The Panyu production platform in the Pearl River Delta of the South China Sea. [File photo]
China National Offshore Oil Corp, the country's biggest marine oil producer, signed a production-sharing contract on Wednesday with Eni China BV for a deepwater block in the South China Sea.
Italy-based Eni will operate the 30/27 block, which has a total area of 5,130 square kilometers and lies 400 kilometers off the coast of Hong Kong, according to Zhang Yuxiao, a media official at CNOOC Ltd, a listed arm of CNOOC.
CNOOC said in a statement that Eni will conduct three-dimension seismic surveys and drill one exploration well in the block and cover all expenditures during the exploration period.
CNOOC will have up to a 51 percent interest in any commercial discoveries in the block.
Eni, which entered China in 1980, holds a 16.77 percent share in two offshore blocks, 16/08 and 16/19, in the South China Sea, which have a daily output of about 10,000 barrels of oil equivalent.
It's also participating in the 28/20 block as an operator, according to the company's website.
Zhu Weilin, executive vice-president of CNOOC Ltd, said that deepwater oil and gas in the South China Sea will be one of the company's main sources of medium- and long-term development.
Since China's near-shore area offers very limited potential for further oil and gas exploration, it's imperative for the company to go to deepwater projects, said an analyst at JYD Online Co Ltd, an e-commerce bulk commodity information provider.

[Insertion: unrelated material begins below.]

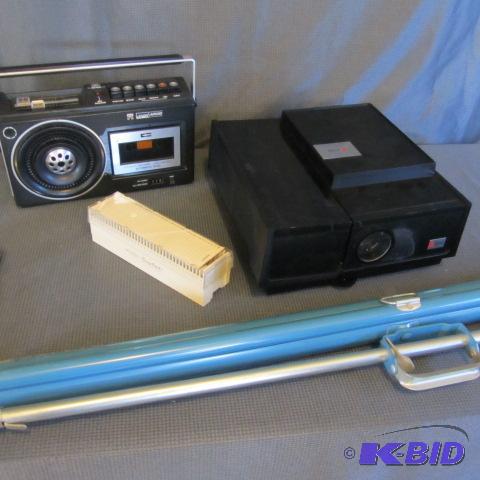 lot 110 image: Cassette Radio, Slide Projector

CNOOC is testing its first domestic semi-submersible drilling rig, the Haiyang Shiyou 981, which is capable of operating at a maximum water depth of 3,000 meters, as part of its ambitions to achieve deepwater output of 50 million tons of oil equivalent by 2020.

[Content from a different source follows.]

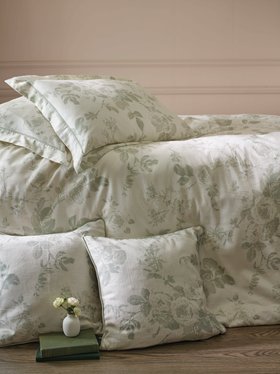 French_Bedroom_Tumbling Roses Bed Linen Set_£85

As its technologies develop, CNOOC will be able to operate in difficult deepwater project on its own, analysts said, but the company still relies on foreign expertise in the industry.
However, as foreign oil companies move into China's oil and gas sector, attracted by deepwater and shale gas prospects, the government has become concerned about protecting natural resources and tightening policies for such projects.

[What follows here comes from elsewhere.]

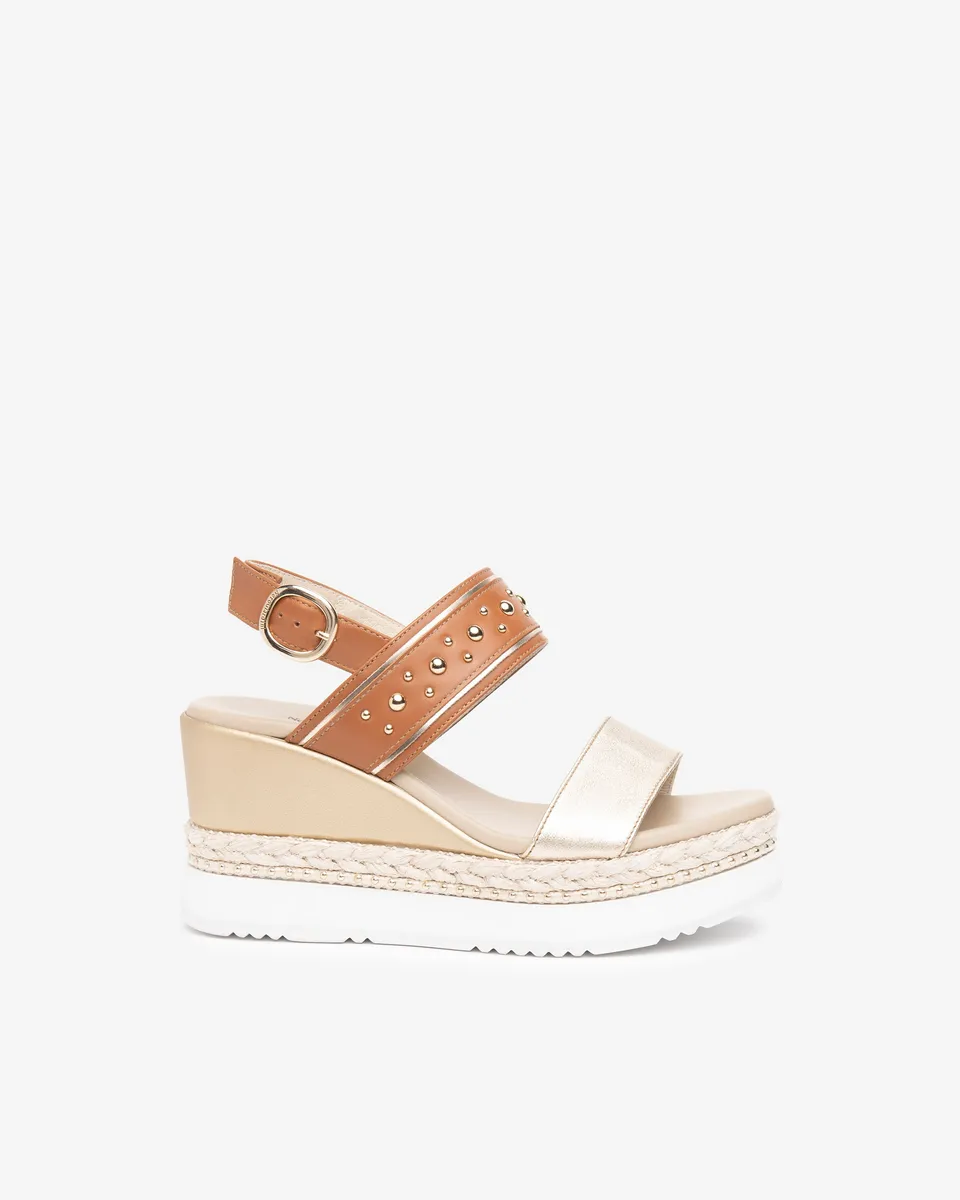 Nero Giardini Sandals sandales cuir femme compensées cloutées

The Ministry of Land and Resources announced on Tuesday that domestic and foreign companies that explore onshore and offshore for oil and gas resources must pay compensation fees for the mineral resources, the first time that the government has imposed such a fee.
It's a signal that China is becoming more concerned about resource protection, and more stringent policies are likely to follow, the analyst at JYD said.